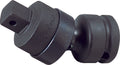 1/2 Sq. Dr. Universal Joint  1/2 Square Length 74mm Hole type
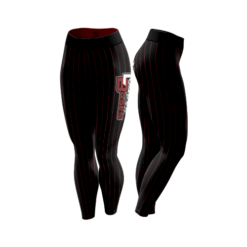 3119 FD Leggings GOON-SQUAD-LOADED-BASES-1
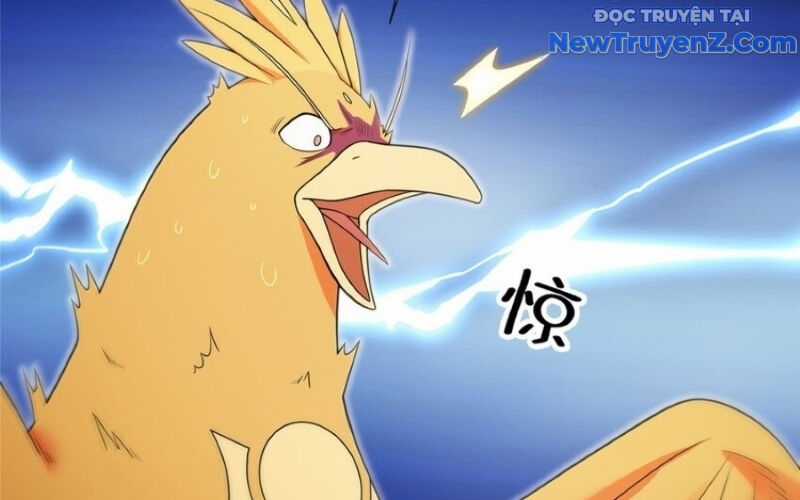 Lược Thiên Ký Chương 94 trang 12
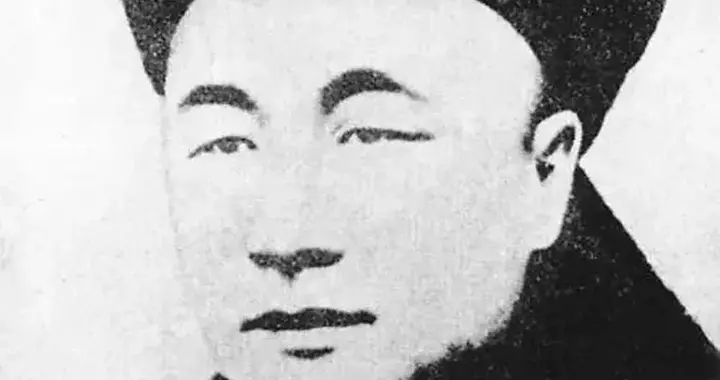 此战一败，耻辱百年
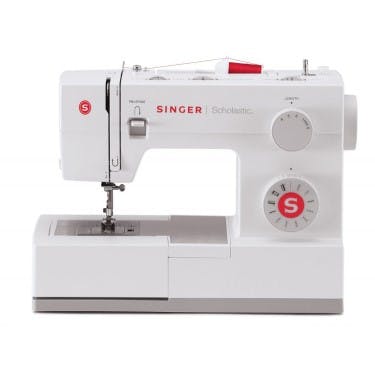 Singer 5511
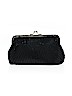 Unbranded Black Clutch One size - photo 1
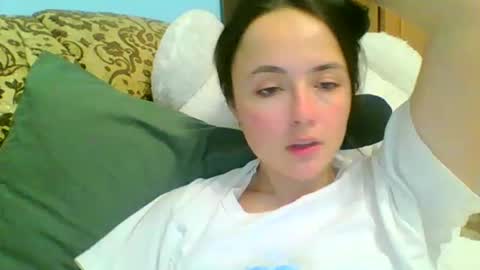emily_morning_dew online show from 12-22-24, 03:11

PROMPT: Copy nothing but the lines above from the one with "3119 FD Leggings GOON-SQUAD-LOADED-BASES-1" through the end of the material, word for word, and drop the pictures.

SOLUTION TO THE EXERCISE:
 3119 FD Leggings GOON-SQUAD-LOADED-BASES-1
 Lược Thiên Ký Chương 94 trang 12
 此战一败，耻辱百年
 Singer 5511
 Unbranded Black Clutch One size - photo 1
emily_morning_dew online show from 12-22-24, 03:11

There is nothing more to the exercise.